Before the season began, the Red Stockings named catcher Pop Snyder as the player-manager. Snyder spent the 1881 season with the Boston Red Caps of the National League, hitting .228 with 16 RBI. Cincinnati also signed some familiar players, as Will White and Hick Carpenter spent time with the Cincinnati Reds of the National League. White saw limited action with the Detroit Wolverines, while Carpenter hit .216 with two home runs and 31 RBI with the Worcester Worcesters during the 1881 season.

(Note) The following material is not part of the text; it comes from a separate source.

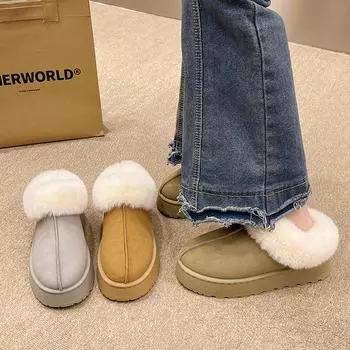 Foreign trade large size thick-soled warm snow boots women s 2024 autumn and winter popular fashion outer wear plush thickened fluffy shoes 36 чёрный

Carpenter had a breakout season, as he led the AA with 67 RBI and 120 hits, and led the Red Stockings with a .342 batting average. Snyder hit .291 with a homer and 50 RBI, while Joe Sommer hit .288 with a homer, 29 RBI and a team high 82 runs, while leading the league with 354 at-bats. On the mound, White returned to his 1879 form, as he led the AA with 40 wins, while posting a 1.54 ERA in 480 innings pitched.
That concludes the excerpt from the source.